Tuesday, October 15, 2013

Re-assessing: Purpose of Activities - to open up possibilities

Article:  23 iPad Alternatives to the Book Report

Book Review (or Book Report, in this case) - We'll usually associate it with lines and lines of words. 
Let's re-visit the purpose of the activity: 
- It's about drawing out key ideas from the reading?
- It's about synthesising? 
- It's about developing communication skills?
- It's about cultivating creativity in expression?
... or it's about practising summary skills (which I think that's what the teachers had in mind all this while, especially in my school days)?

With technology use, we could do it differently! and we could definitely do more! So, we really need to be clear of the purpose of the activity, and not be greedy to accomplish too many at one go, else, we may lost sight of what we want to achieve.

The article gives some suggestions how a Book Review could be presented differently. 
Well, this 'model' of thinking is not limited to "Book Review". It could be applied to other contexts too!

Some Thoughts: What to consider for eBook implementation

The article listed 14 things that we should look at before implementing eBooks (schoolwide):

I think, the key considerations before we embark on the project would be 
(1) Purpose - not just for 'convenience', but what else (experience) eBooks can provide that traditional hardcopies can't. At the same time, we also need to know what are the experiences that we'll be omitting when not using the printed version.

(11) Instruction - how would classroom instruction change with the new media. Not so much of how to manage the 'hardware', but what else we could do that previously we can't do with the hardcopies? What are some 'strategies' that works in the past now no longer works. We have to be mindful of these. Else (borrowing an analogy I read from another book, no matter how good and reliable a 'delivery service' is, if fails when there is no recipient to receive the goods.

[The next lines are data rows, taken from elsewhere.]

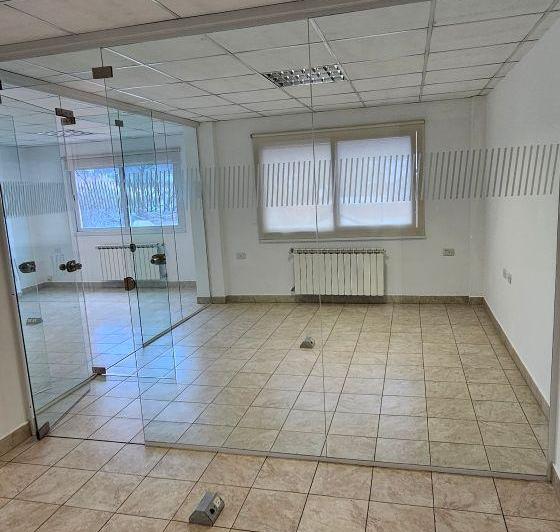Oficina comercial · 50m² · 5 Ambientes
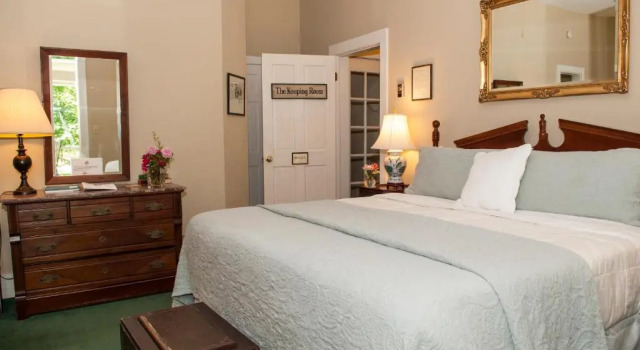 Номер Standard Orchard Inn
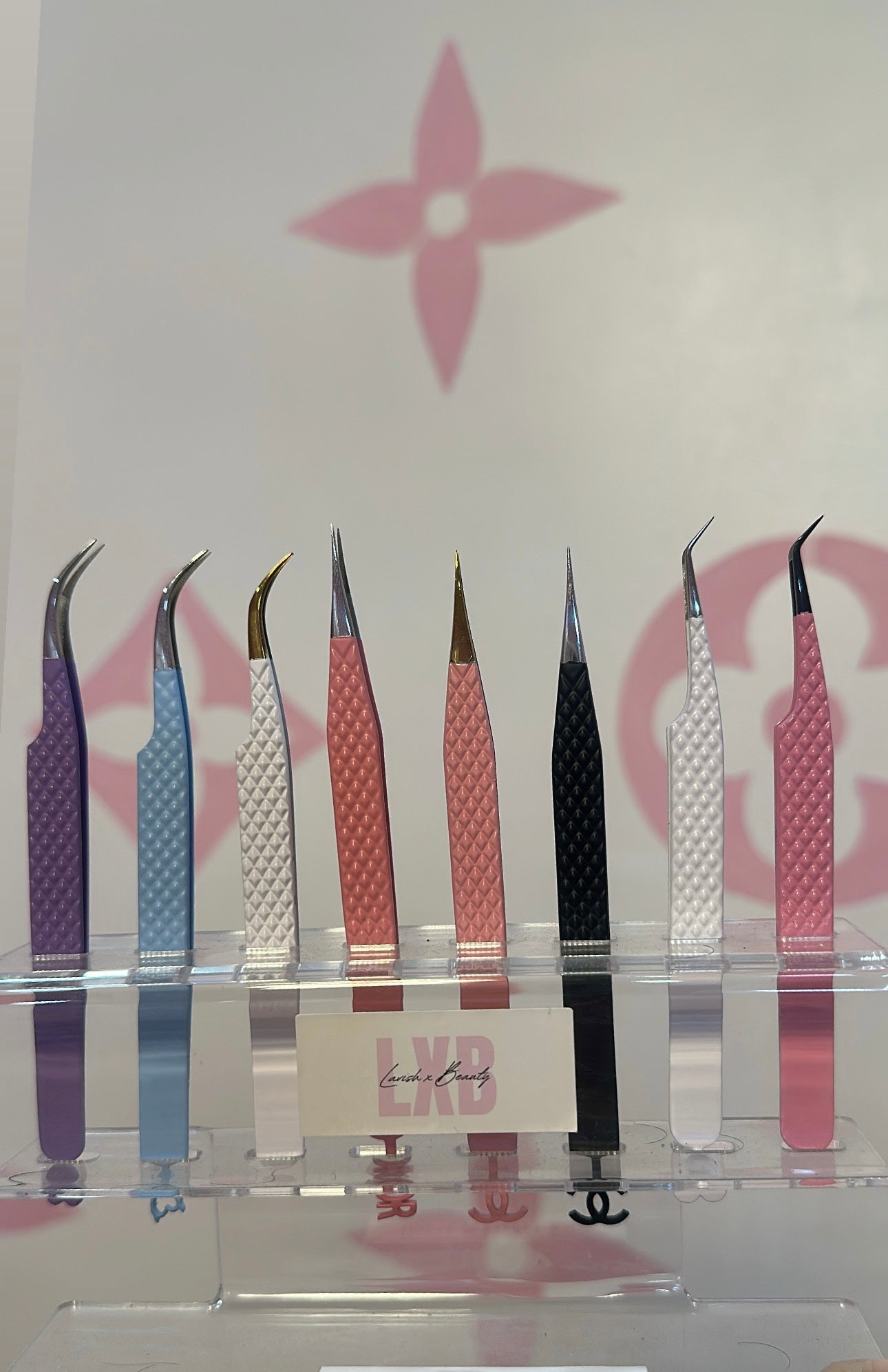 Isolation tweezers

(12) Roll-out plan - planning is important. More importantly, the need to monitor the implementation and gather feedback from both teachers and students are important so that the process could be refined over time. Else, some sceptical people would take opportunity to pass death sentences to the initiative. 

(13) Professional Development - Do not undermine this, although many a time, those who 'push' for the implementation might "sell" it such that it's idiot-proof, or it's soooo.... simple to use. PD could include the change in mindset and the building of a community to support the change, the change for the a better learning experience for the students, and a better delivery experience for the teachers.  

Below are the 14 things listed in the article 

1. Purpose
2. Devices/Portal
3. Content Decisions
4. Funding (long term/short term)
5. Pricing
6. Ownership of content
7. Formats
8. Number of circulations
9. Number of access at one time
10. Enhancements
11. Instruction
12. Roll out plan
13. Professional Development
14. Publicize it!

Sunday, October 06, 2013

Technophobe vs Technophile

Source: http://inservice.ascd.org/technology/are-you-a-technophobe-or-a-technophile-in-the-classroom/

According to online Oxford dictionary,
a technophobe is a person who fears, dislikes, or avoids new technology
a technophile a person who is enthusiastic about new technology

The write-up in the above link succinctly highlighted the response/ reaction of each of these people when technology fails to work out at the 'critical moment' that it should prove itself worth the use (in the eyes of the technophobe).

Well, it's about attitude, I think, for a technophobe to acknowledge the fact that technology is here to stay and it's no point trying to prove its 'unworthiness' by all his/her means. Instead, these people should sit down, take a deep breath, and take a good look at what it is and accept that they have no choice, but to be eventually be immersed and embrace it... else, one would be there to wait to be drowned by it.